Runner

Module contents

Submodules

django_analyses.runner.queryset_runner module

Definition of the QuerySetRunner class.

class django_analyses.runner.queryset_runner.QuerySetRunner

Bases: object

Base class for batch queryset processing.

Example

For a general usage example, see the QuerySet Processing section in the documentation.

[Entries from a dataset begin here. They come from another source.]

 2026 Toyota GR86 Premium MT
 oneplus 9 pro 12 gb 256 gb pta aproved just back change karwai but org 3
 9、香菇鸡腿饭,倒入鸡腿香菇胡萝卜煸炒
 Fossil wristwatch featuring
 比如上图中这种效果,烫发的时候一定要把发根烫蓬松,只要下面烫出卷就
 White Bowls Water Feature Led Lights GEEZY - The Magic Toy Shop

ANALYSIS_CONFIGURATION = None

Common input specification dictionary as it is expected to be defined in the required Node’s configuration field. If none is provided, defaults to _NO_CONFIGURATION.

ANALYSIS_TITLE = ''

Required Analysis instance title.

ANALYSIS_VERSION_TITLE = ''

Required AnalysisVersion instance title.

BASE_QUERY = None

Query to use when retrieving the base queryset.

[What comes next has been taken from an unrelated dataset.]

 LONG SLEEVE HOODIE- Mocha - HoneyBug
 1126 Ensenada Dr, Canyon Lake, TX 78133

BASE_QUERY_END = '{n_instances} instances found.'
BASE_QUERY_START = 'Querying {model_name} instances...'
BATCH_RUN_START = '\x1b[4m\x1b[95m\x1b[1m{analysis_version}\x1b[0m\x1b[4m\x1b[95m: Batch Execution\x1b[0m'
DATA_MODEL = None

QuerySet model.

DEFAULT_QUERYSET_QUERY = '\n\x1b[94m🔎 Default execution queryset generation:\x1b[0m'
EXECUTION_STARTED = '\n\x1b[92m🚀Successfully started {analysis_version} execution over {n_instances} {model_name} instances🚀\x1b[0m'
FILTER_QUERYSET_END = '{n_candidates} execution candidates found.'
FILTER_QUERYSET_START = 'Filtering queryset...'
INPUT_GENERATION = '\n🔀 \x1b[94mGenerating input specifications:\x1b[0m'
INPUT_GENERATION_FINISHED = '{n_inputs} input specifications prepared.'
INPUT_GENERATION_PROGRESSBAR_KWARGS = {'desc': 'Preparing inputs', 'unit': 'instance'}

A dictionary used for tqdm progressbar customization during input generation.

INPUT_KEY = ''

The associated AnalysisVersion instance’s InputDefinition which will be used to query pending runs and execute them.

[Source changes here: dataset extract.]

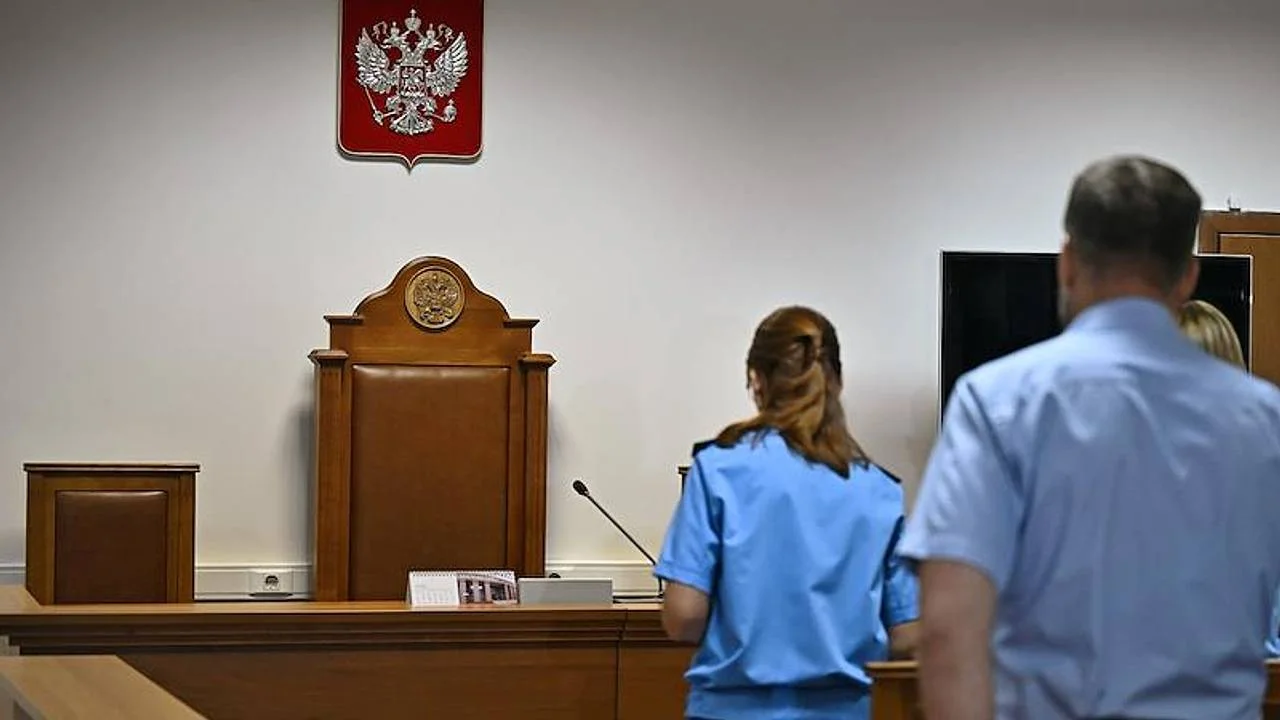 Пенсионеру, насиловавшему девочку в бассейне, на 15 лет запретили работать с детьми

INPUT_QUERYSET_VALIDATION = '\n\x1b[94m🔎 Input queryset validation:\x1b[0m'
INPUT_QUERY_END = '{n_existing} runs found.'
INPUT_QUERY_START = 'Querying existing runs...'
NONE_PENDING = '\x1b[92mCongratulations! No pending {model_name} instances were detected in the database 👏\x1b[0m'
NONE_PENDING_IN_QUERYSET = '\x1b[92mAll {n_instances} provided {model_name} instances have been processed already 👑\x1b[0m'
NO_CANDIDATES = '\x1b[93mNo execution candidates detected in {model_name} queryset!\x1b[0m'
PENDING_FOUND = '{n_existing} existing runs found.\n\x1b[1m{n_pending}\x1b[0m instances pending execution.'
PENDING_QUERY_START = '\n⚖ \x1b[94mChecking execution status for the {queryset_description} queryset:\n\x1b[0mFiltering existing runs...\n(large querysets might take a few moments to be evaluated)'
PREPROCESSING_FAILURE = '\x1b[93mFailed to preprocess {model_name} #{instance_id}!\x1b[0m'
PREPROCESSING_FAILURE_REPORT = '\x1b[93m\x1b[1m{n_invalid} of {n_total} {model_name} instances failed to be preprocessed for input generation.\x1b[0m'
STATUS_QUERY_PROGRESSBAR_KWARGS = {'desc': None, 'unit': 'instance'}

A dictionary used for tqdm progressbar customization during input generation.

analysis

Returns the required analysis.

Returns:Analysis to be executed
Return type:Analysis

See also

query_analysis()

analysis_version

Returns the required analysis version.

Returns:Analysis version to be executed
Return type:AnalysisVersion
configuration

Returns the configuration dictionary for the execution node.

Returns:Node configuration
Return type:dict
create_configuration() → dict

Returns the configuration dictionary for the execution node.

Returns:Node configuration
Return type:dict
create_input_specification(instance: django.db.models.base.Model) → dict

Returns an input specification dictionary with the given data instance as input.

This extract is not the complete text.